Brian Stork
Brian Stork

Reputation: 980

SQL Server Compressing Adjacent Date Ranges

I have a table that holds a person id and a date range (a start date and a stop date). Each person may have multiple rows with multiple start and stop dates.

create table #DateRanges (
   tableID   int not null,
   personID  int not null,
   startDate date,
   endDate   date
);
insert #DateRanges (tableID, personID, startDate, endDate)
values (1, 100, '2011-01-01', '2011-01-31') -- Just January
     , (2, 100, '2011-02-01', '2011-02-28') -- Just February
     , (3, 100, '2011-04-01', '2011-04-30') -- April - Skipped March
     , (4, 100, '2011-05-01', '2011-05-31') -- May
     , (5, 100, '2011-06-01', '2011-12-31') -- June through December

I need a way to collapse adjacent date ranges (where the end date of the previous row is exactly one day before the start date of the next). But it must include all contiguous ranges, splitting only when the end-to-start gap is greater than one day. The above data needs to be compressed to:

+-----------+----------+--------------+------------+
| SomeNewID | PersonID | NewStartDate | NewEndDate |
+-----------+----------+--------------+------------+
|        1  |     100  |   2011-01-01 | 2011-02-28 |
+-----------+----------+--------------+------------+
|        2  |     100  |   2011-04-01 | 2011-12-31 |
+-----------+----------+--------------+------------+

Just two rows because the only missing range is March. Now, if all of march were present, either as one row or many rows, the compression would result in just one row. But if only two days in the middle of March were present, we would get a 3rd row to show the March dates.

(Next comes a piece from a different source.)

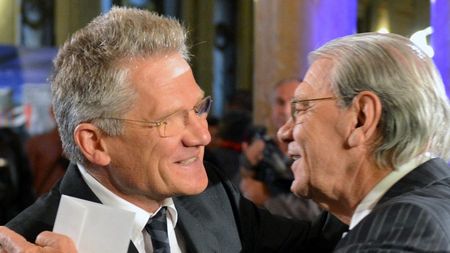 Legendarul antrenor care a scris istorie cu Steaua vine la meciul pe care FCSB îl va disputa cu casa închisă: „Și el ne-a asigurat că va fi prezent!” | EXCLUSIV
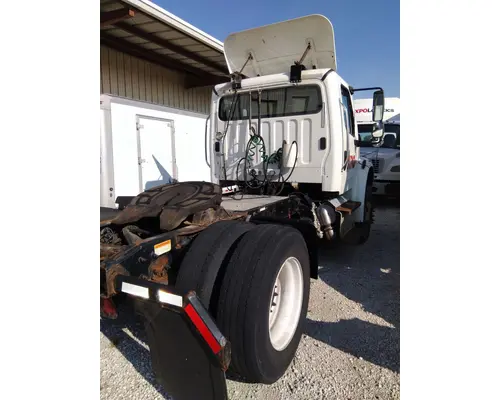 FREIGHTLINER M2 106 WHOLE TRUCK FOR RESALE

I've been working with LEAD and LAG functions in SQL 2016 to try to get this done as a recordset operation, but so far have come up empty. I would like to be able to do it without a loop and RBAR, but I'm not seeing a solution.

Upvotes: 1

Views: 806

Answers (3)

andresch
andresch

Reputation: 101

While this question is already quite dated, I believe the problem is still worth an answer.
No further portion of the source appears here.